Task goal -
In the listing below, the lines starting at the line with "10686 Braewick Cir — Photo 16" and ending at the line with "Onesie Super Mario!" are to be output verbatim. Images stay out of the copy.

Task material -
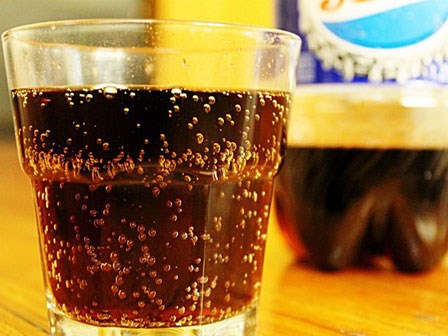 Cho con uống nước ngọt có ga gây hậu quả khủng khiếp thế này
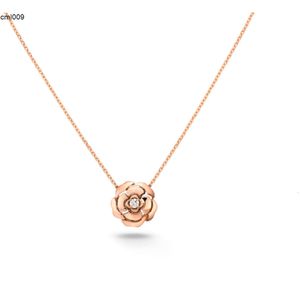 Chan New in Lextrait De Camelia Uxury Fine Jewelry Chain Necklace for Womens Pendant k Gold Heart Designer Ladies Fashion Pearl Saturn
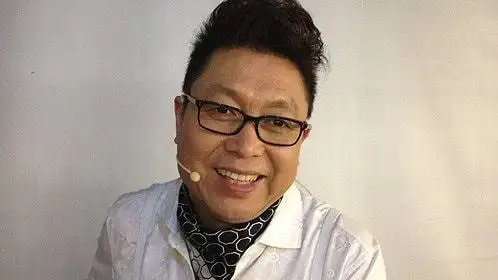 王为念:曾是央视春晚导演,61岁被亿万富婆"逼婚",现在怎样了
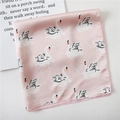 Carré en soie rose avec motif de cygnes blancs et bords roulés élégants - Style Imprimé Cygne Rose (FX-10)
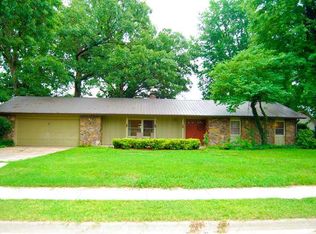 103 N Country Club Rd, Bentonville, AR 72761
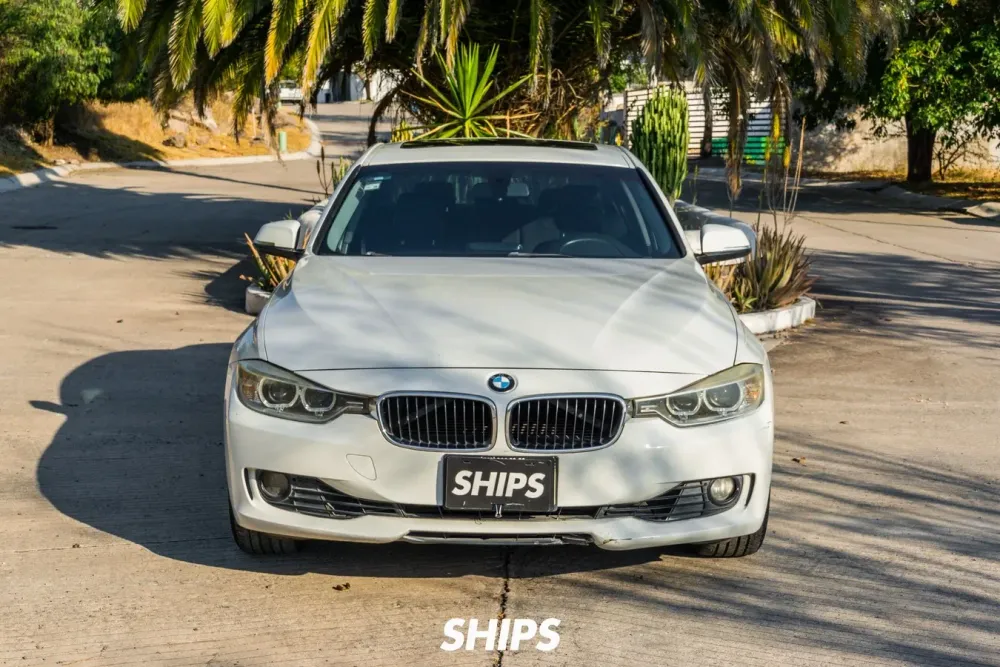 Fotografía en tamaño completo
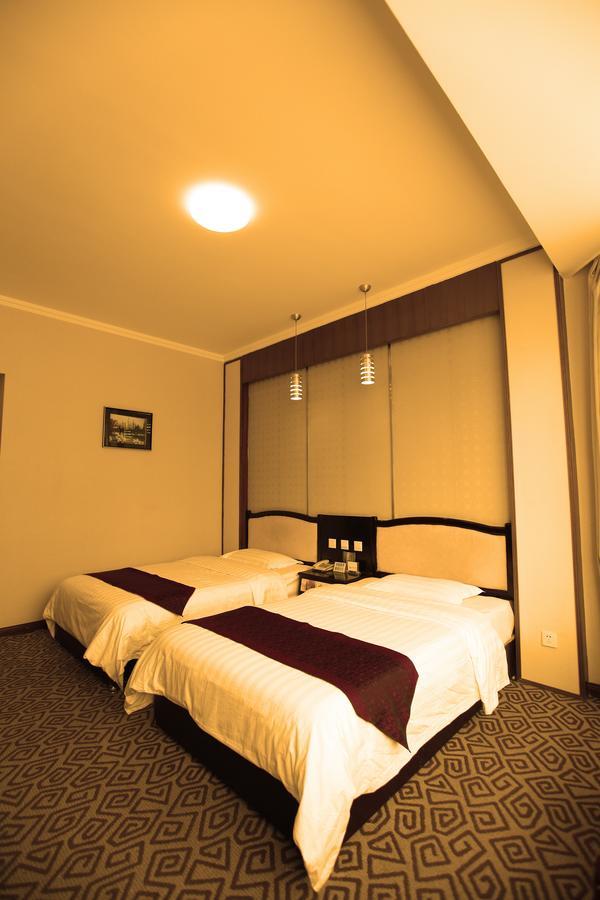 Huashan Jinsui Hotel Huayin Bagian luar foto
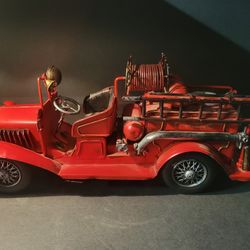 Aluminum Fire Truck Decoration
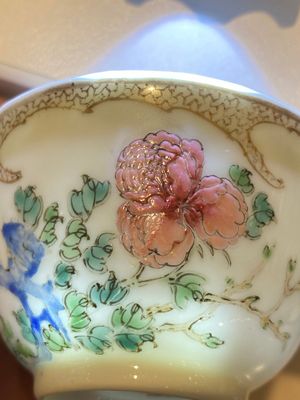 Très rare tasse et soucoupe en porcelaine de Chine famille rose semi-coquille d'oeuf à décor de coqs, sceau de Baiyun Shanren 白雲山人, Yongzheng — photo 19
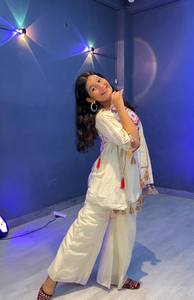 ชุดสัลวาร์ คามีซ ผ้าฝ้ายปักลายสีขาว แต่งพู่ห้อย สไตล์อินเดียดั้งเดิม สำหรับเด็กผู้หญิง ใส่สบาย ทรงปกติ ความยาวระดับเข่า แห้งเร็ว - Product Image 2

==

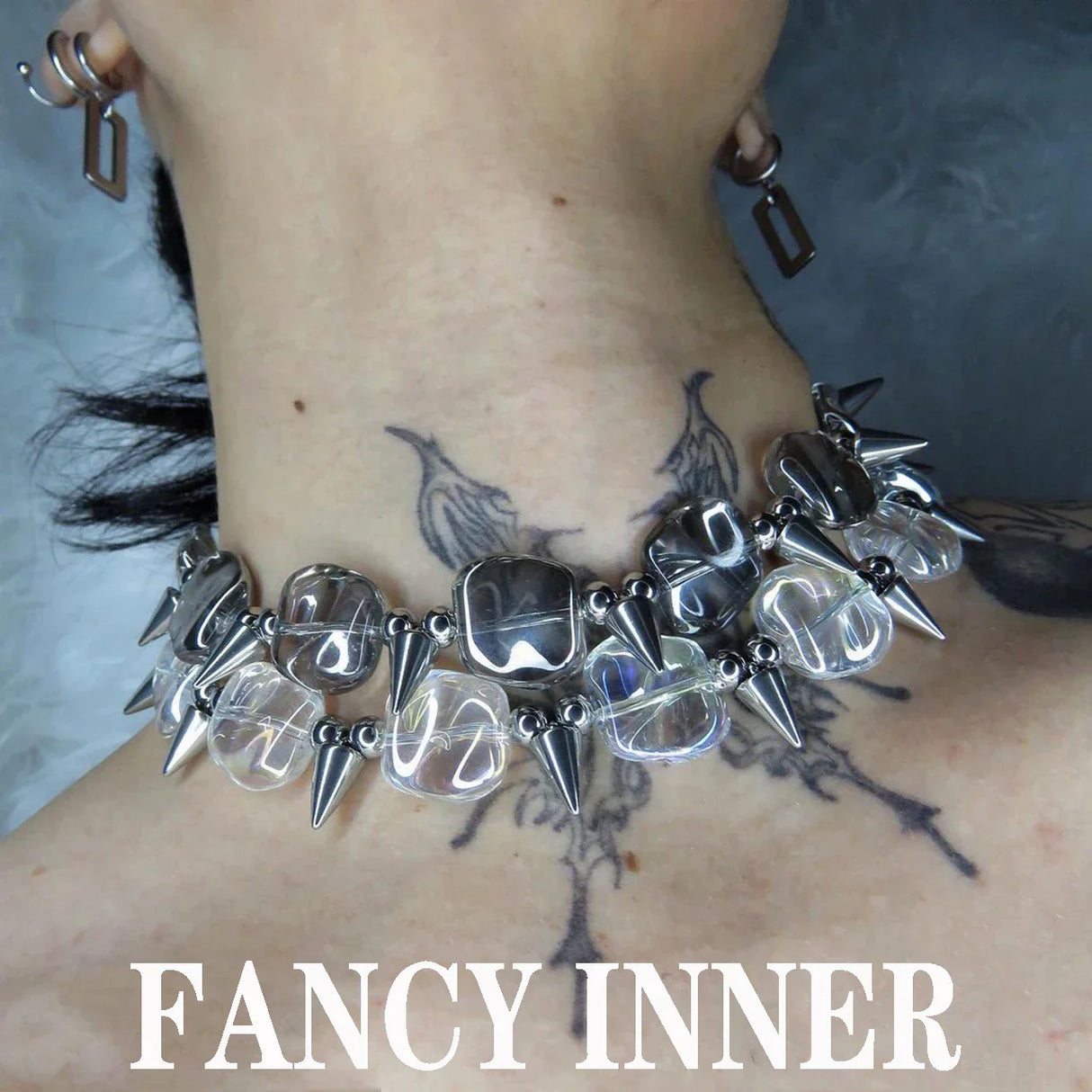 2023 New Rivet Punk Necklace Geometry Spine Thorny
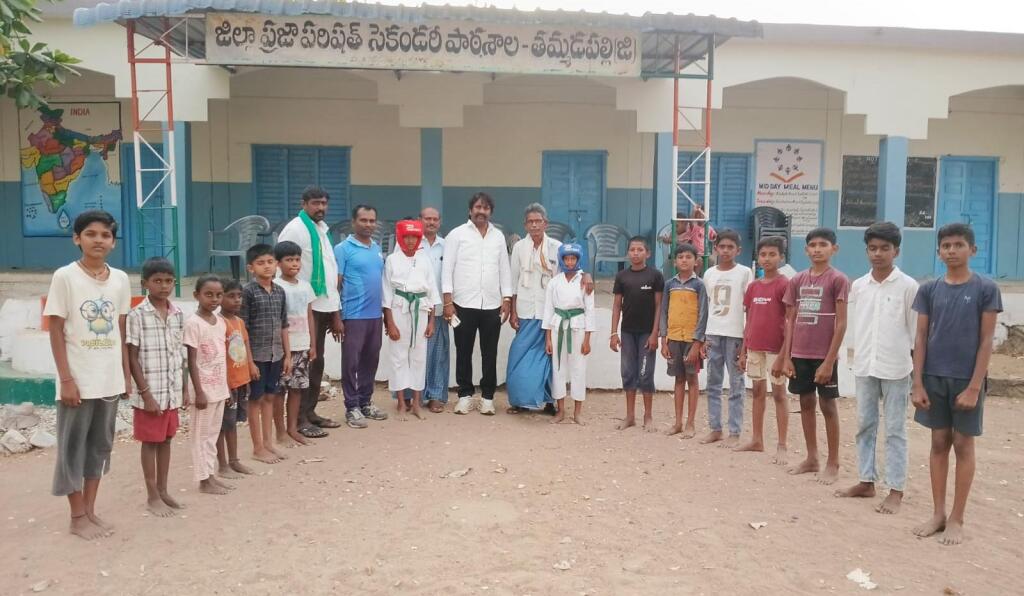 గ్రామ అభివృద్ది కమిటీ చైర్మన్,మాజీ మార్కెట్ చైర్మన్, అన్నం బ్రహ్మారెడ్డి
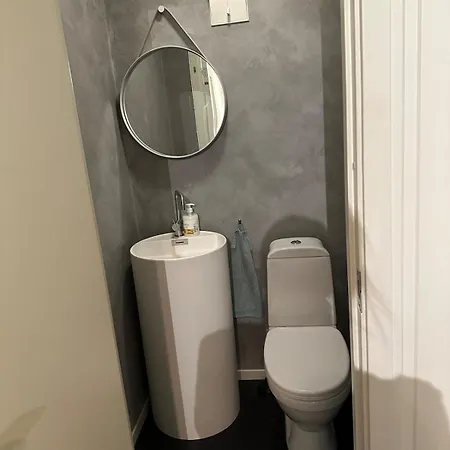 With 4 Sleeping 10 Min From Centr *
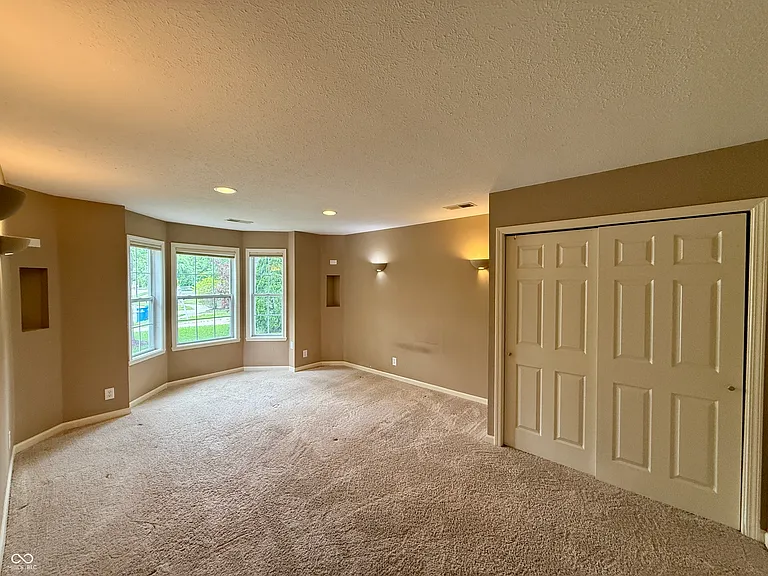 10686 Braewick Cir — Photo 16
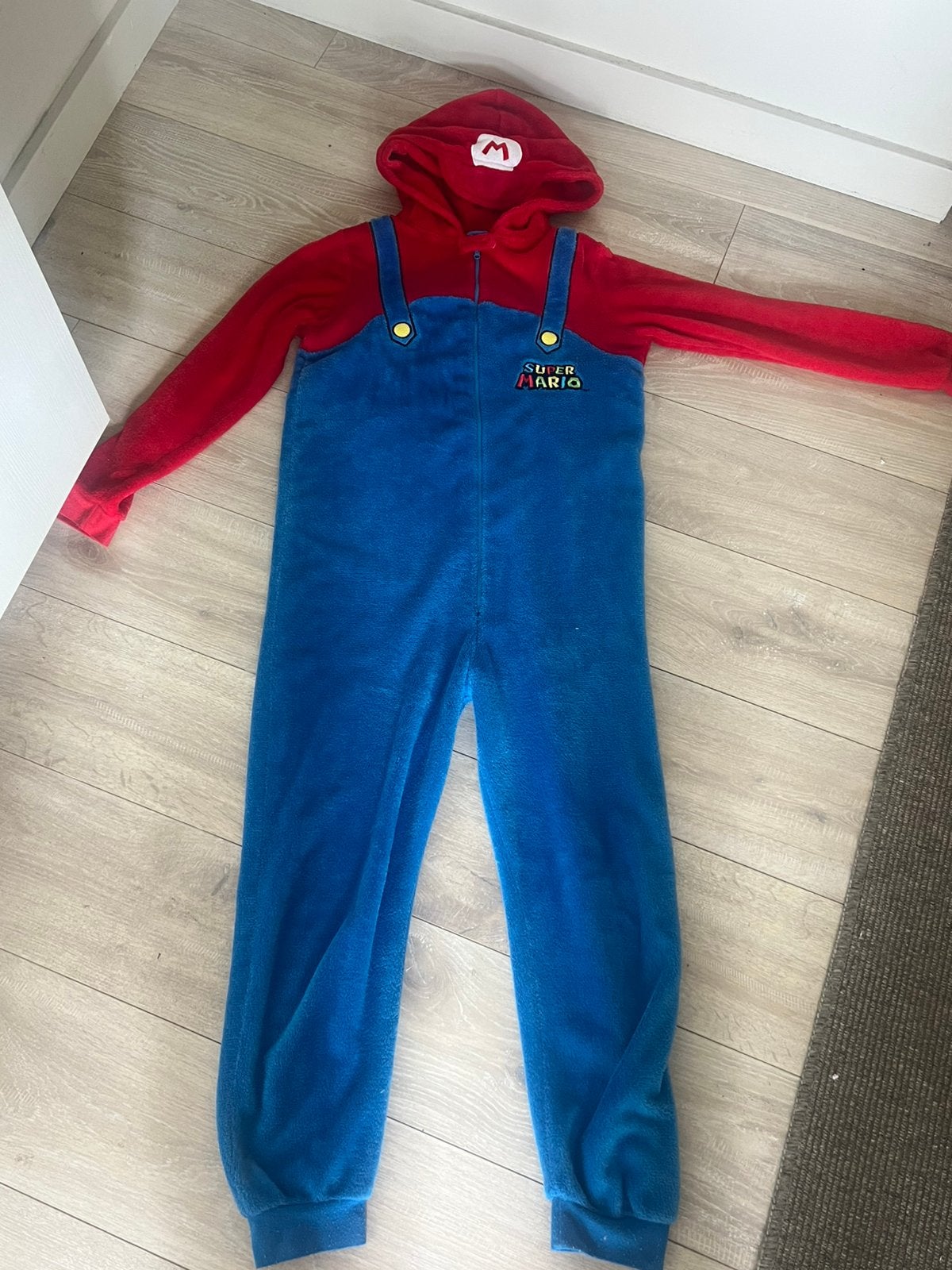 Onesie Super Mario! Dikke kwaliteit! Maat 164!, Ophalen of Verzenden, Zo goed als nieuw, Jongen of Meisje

Exercise result -
 10686 Braewick Cir — Photo 16
 Onesie Super Mario! Dikke kwaliteit! Maat 164!, Ophalen of Verzenden, Zo goed als nieuw, Jongen of Meisje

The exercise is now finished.